> **Instructions for the task**:
Only the lines below from the one containing "3d isometric, blender" through the one containing "Australia and Japan" belong in the answer, repeated exactly and without pictures.

> **Supplied material**:
*-*-*

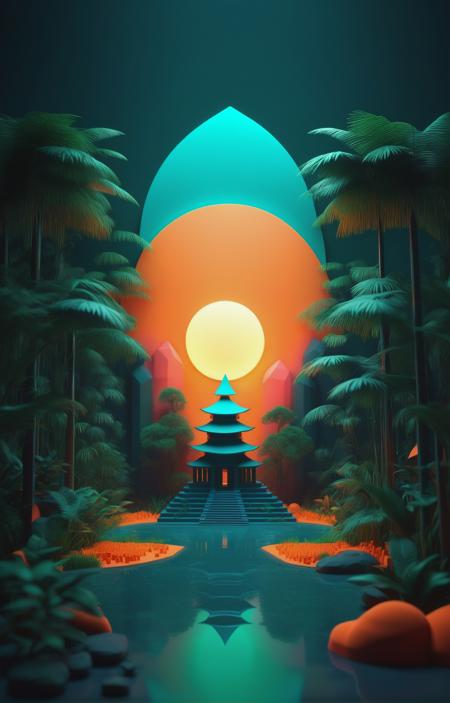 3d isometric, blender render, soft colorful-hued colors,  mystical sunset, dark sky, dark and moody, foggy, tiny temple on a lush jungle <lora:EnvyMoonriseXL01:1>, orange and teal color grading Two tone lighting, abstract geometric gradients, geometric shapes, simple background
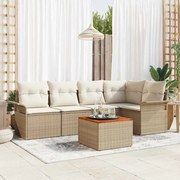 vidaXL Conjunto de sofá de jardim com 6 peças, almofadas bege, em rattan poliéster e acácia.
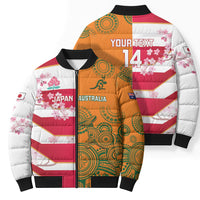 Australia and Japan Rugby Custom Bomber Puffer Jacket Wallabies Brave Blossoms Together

*-*-*

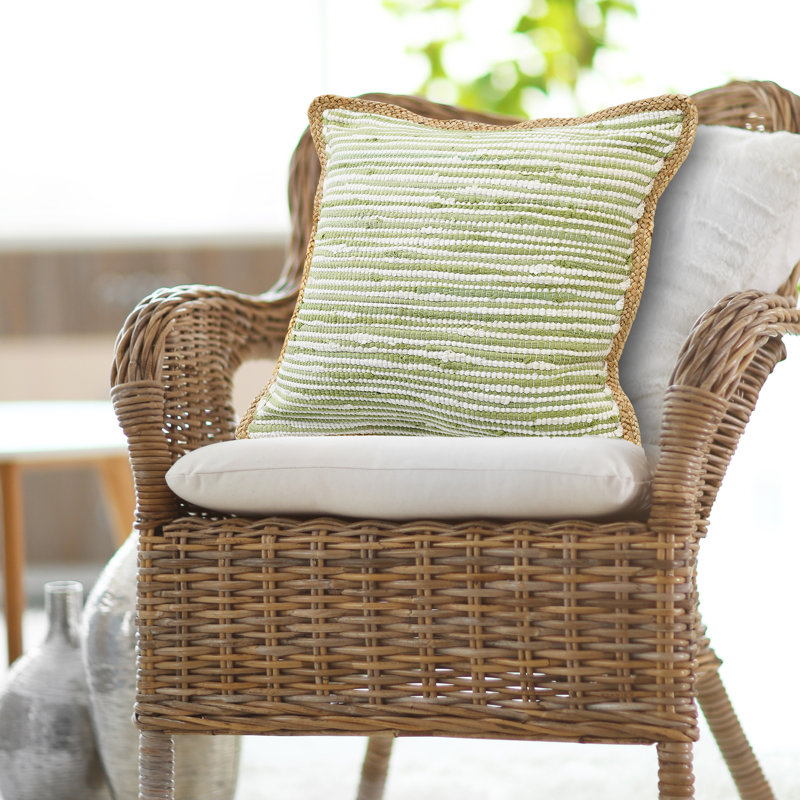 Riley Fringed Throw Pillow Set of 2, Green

*-*-*

> **Task solution**:
 3d isometric, blender render, soft colorful-hued colors,  mystical sunset, dark sky, dark and moody, foggy, tiny temple on a lush jungle <lora:EnvyMoonriseXL01:1>, orange and teal color grading Two tone lighting, abstract geometric gradients, geometric shapes, simple background
 vidaXL Conjunto de sofá de jardim com 6 peças, almofadas bege, em rattan poliéster e acácia.
 Australia and Japan Rugby Custom Bomber Puffer Jacket Wallabies Brave Blossoms Together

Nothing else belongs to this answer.